Task to complete
Type out the lines below exactly, from the first through the line holding "Éoliennes et ciel bleu", and include no pictures.

Extracted information
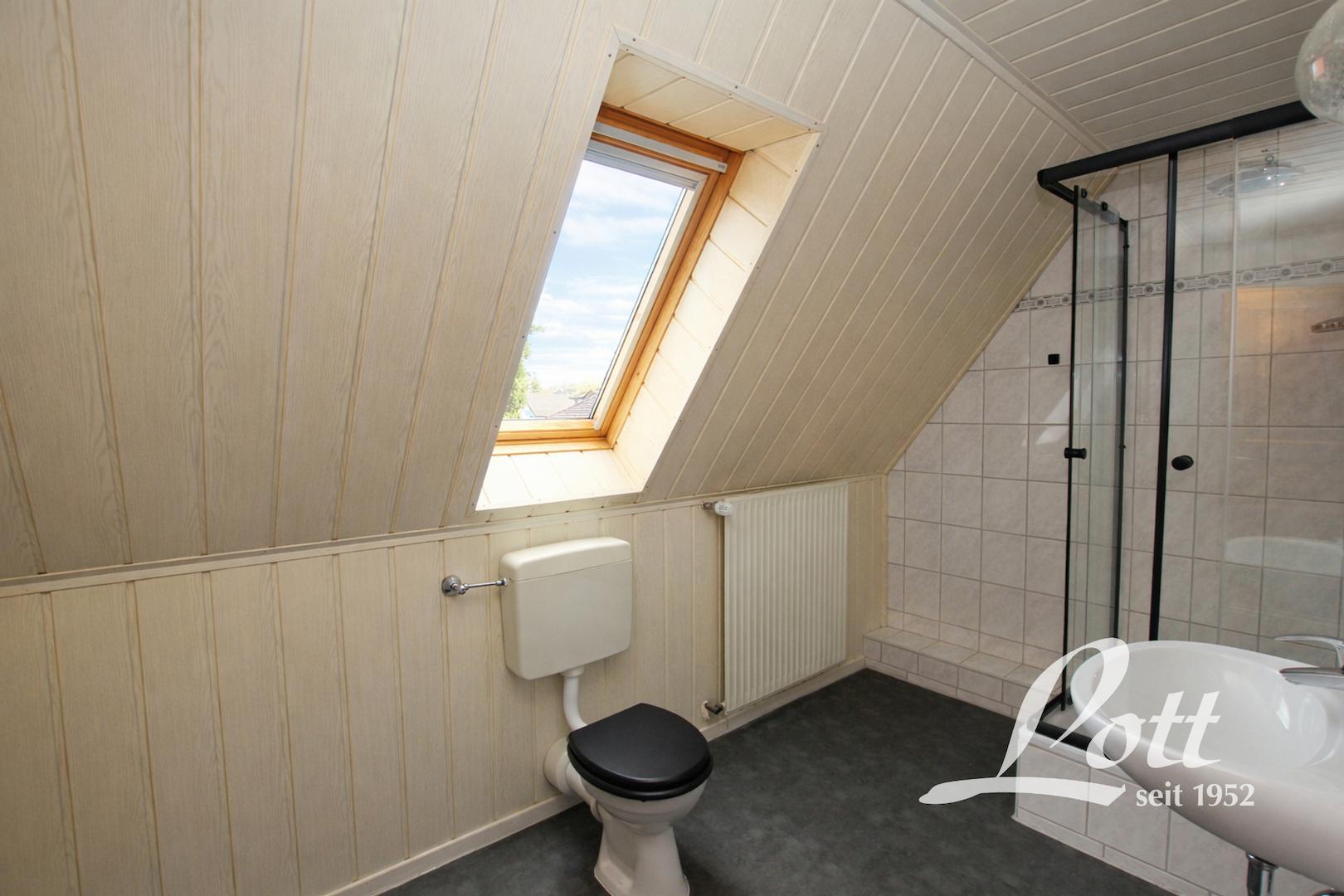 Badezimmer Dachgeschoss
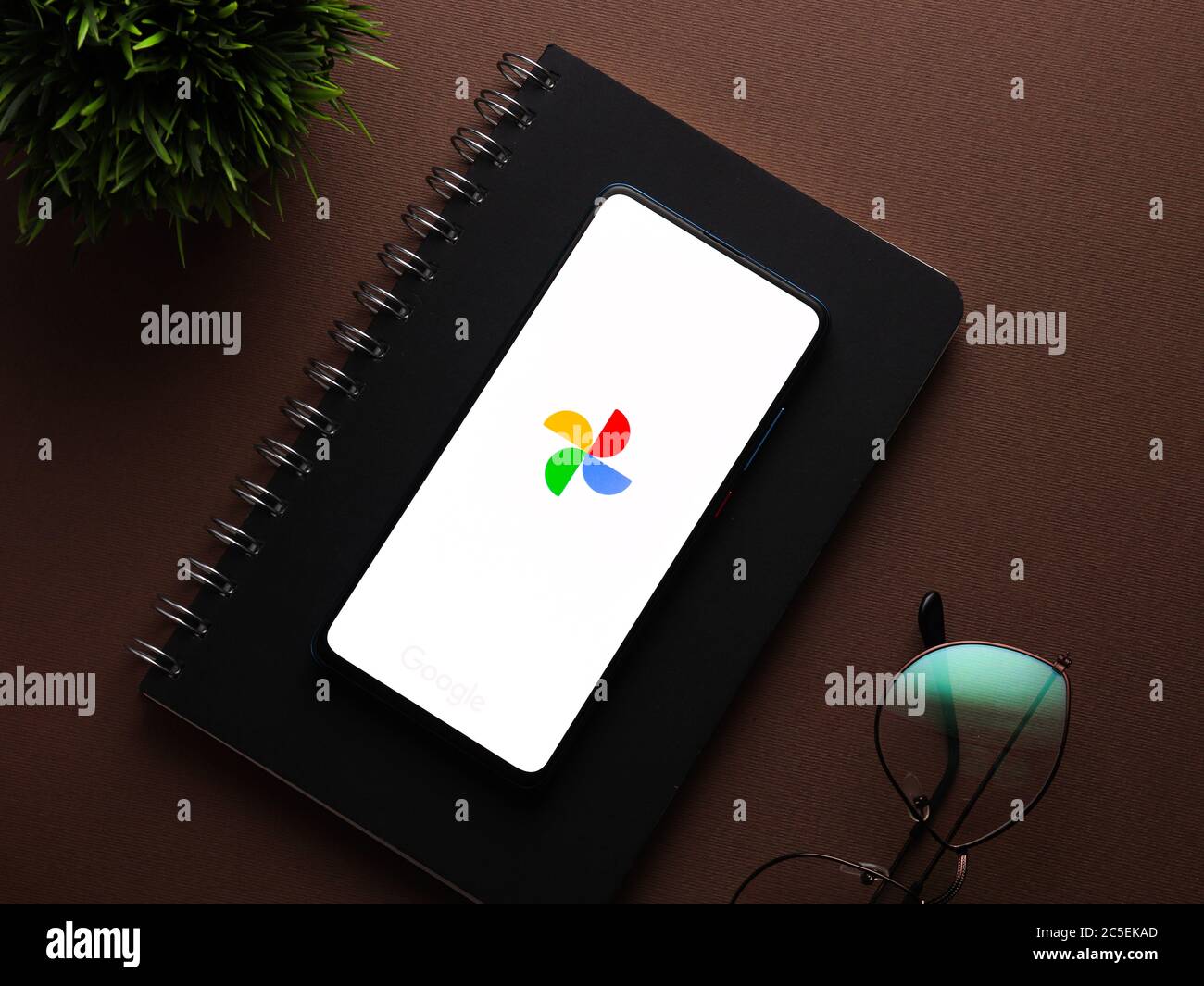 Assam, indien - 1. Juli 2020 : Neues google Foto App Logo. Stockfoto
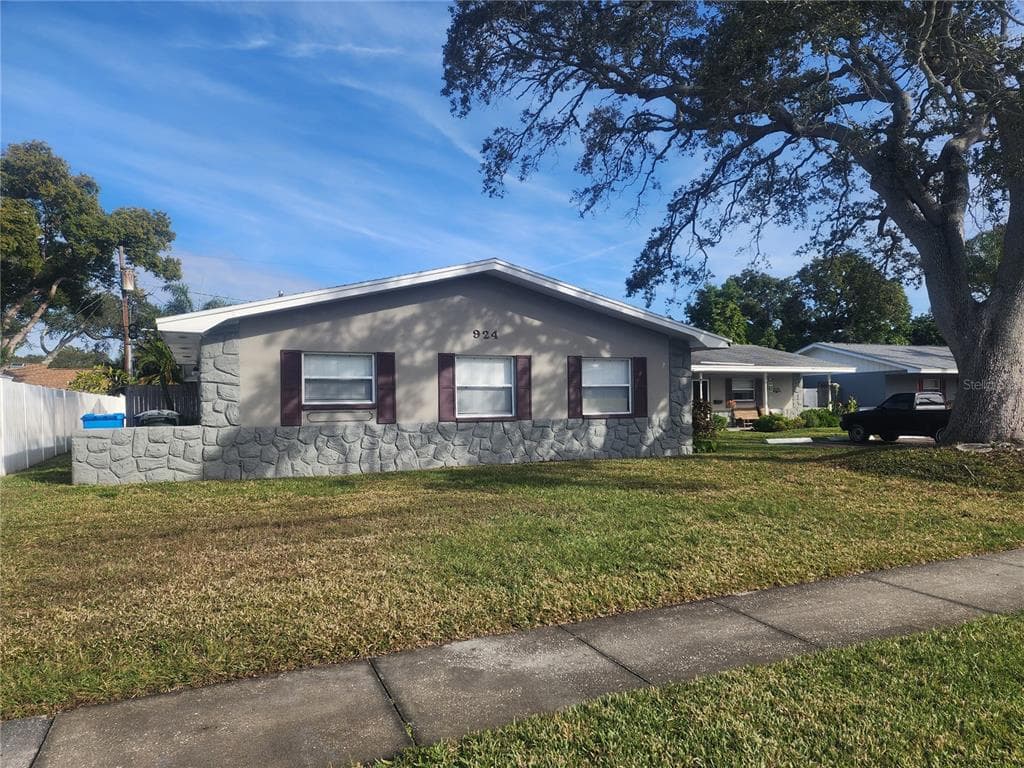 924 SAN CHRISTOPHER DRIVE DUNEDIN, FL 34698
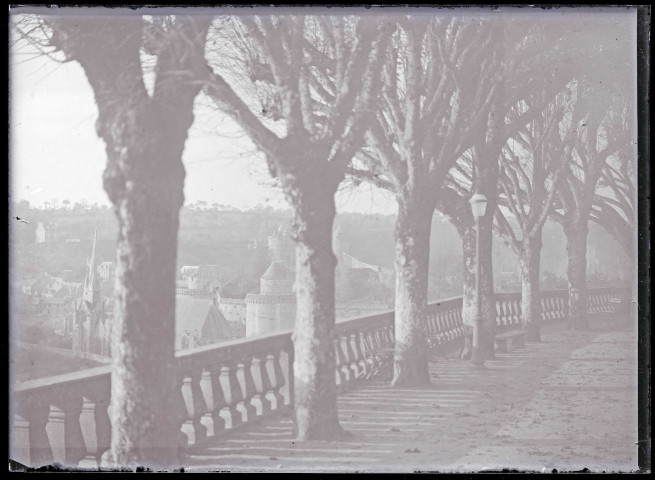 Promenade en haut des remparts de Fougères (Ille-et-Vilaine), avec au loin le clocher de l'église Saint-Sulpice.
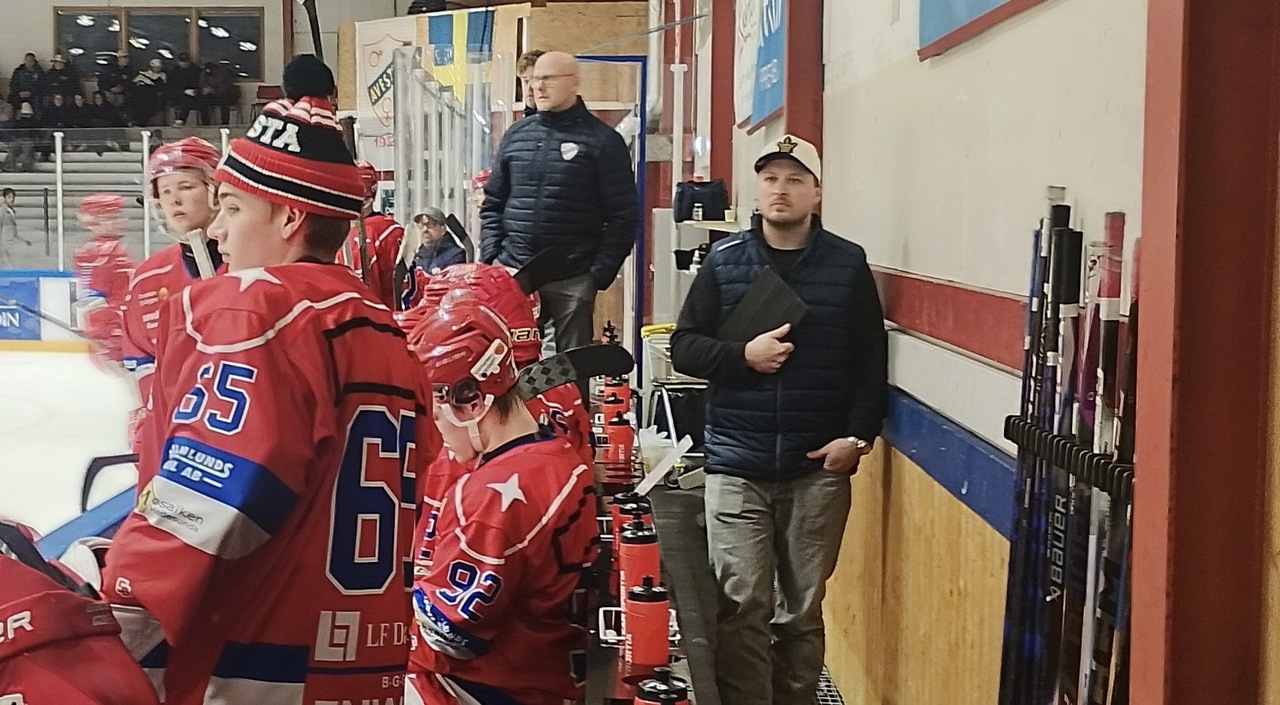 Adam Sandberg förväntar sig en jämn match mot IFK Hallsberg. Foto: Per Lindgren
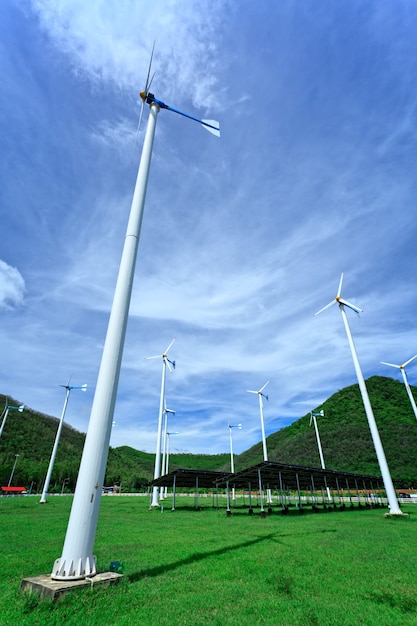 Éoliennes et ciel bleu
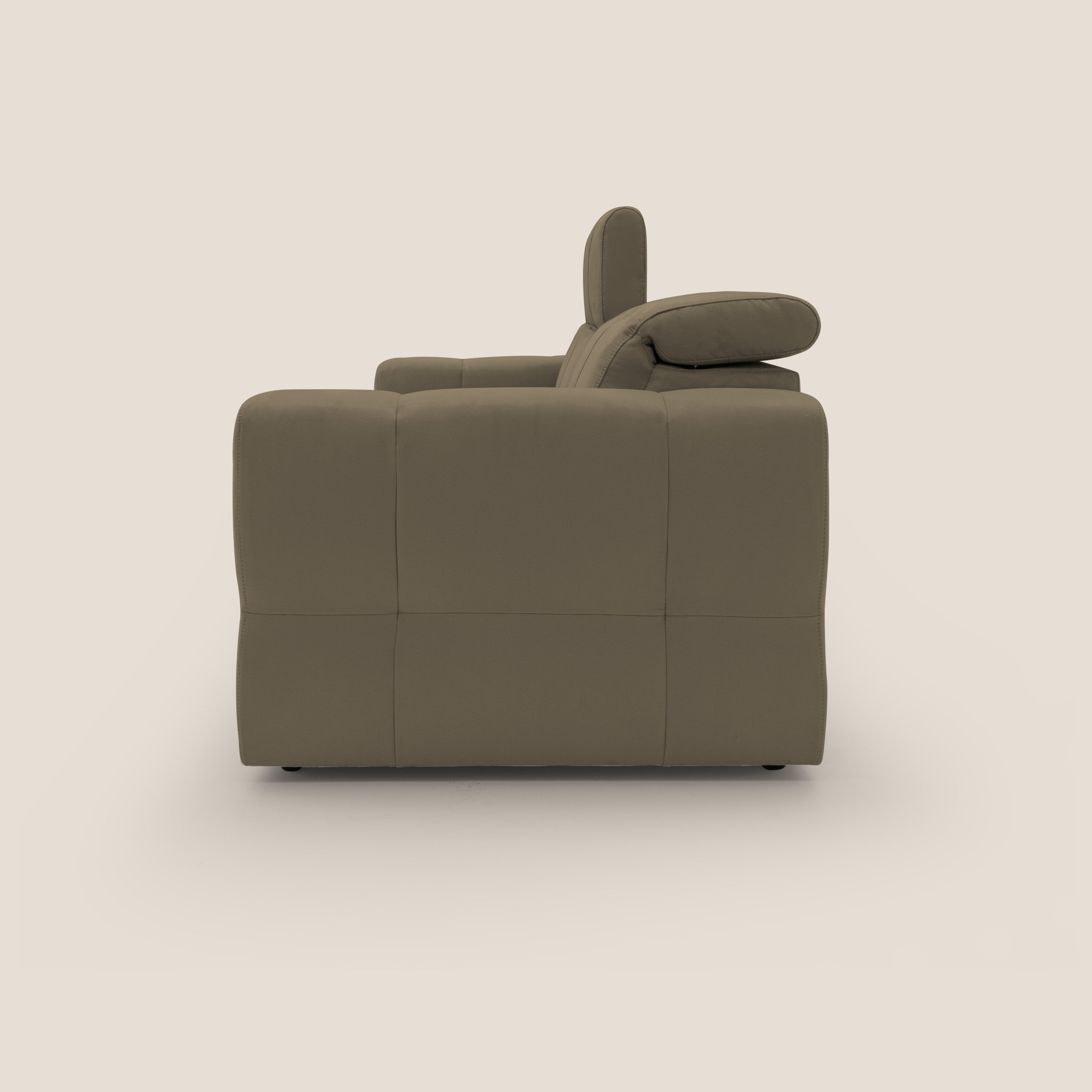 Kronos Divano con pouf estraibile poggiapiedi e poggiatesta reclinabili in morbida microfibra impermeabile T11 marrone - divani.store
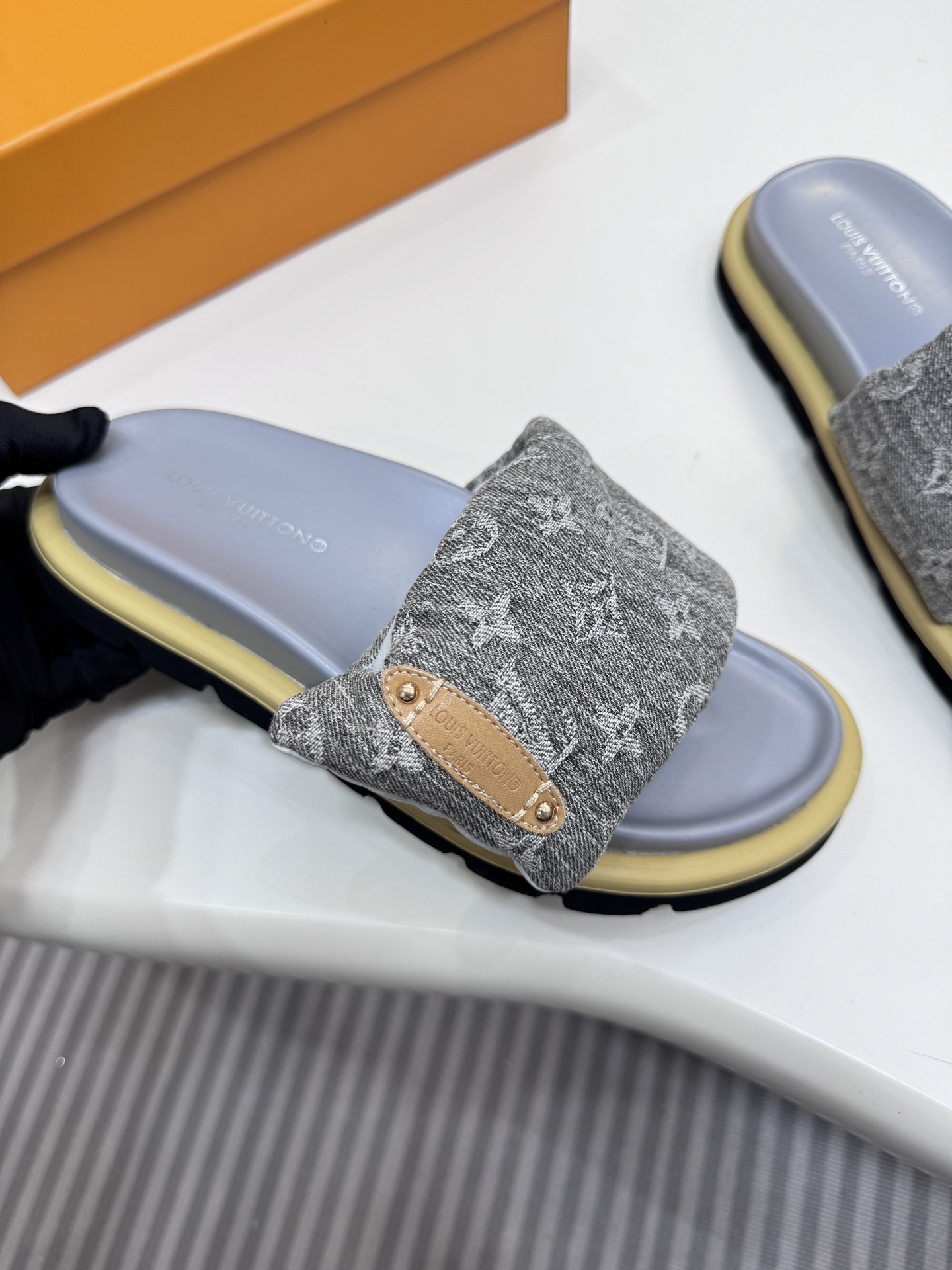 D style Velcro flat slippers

Result below
 Badezimmer Dachgeschoss
 Assam, indien - 1. Juli 2020 : Neues google Foto App Logo. Stockfoto
 924 SAN CHRISTOPHER DRIVE DUNEDIN, FL 34698
 Promenade en haut des remparts de Fougères (Ille-et-Vilaine), avec au loin le clocher de l'église Saint-Sulpice.
 Adam Sandberg förväntar sig en jämn match mot IFK Hallsberg. Foto: Per Lindgren
 Éoliennes et ciel bleu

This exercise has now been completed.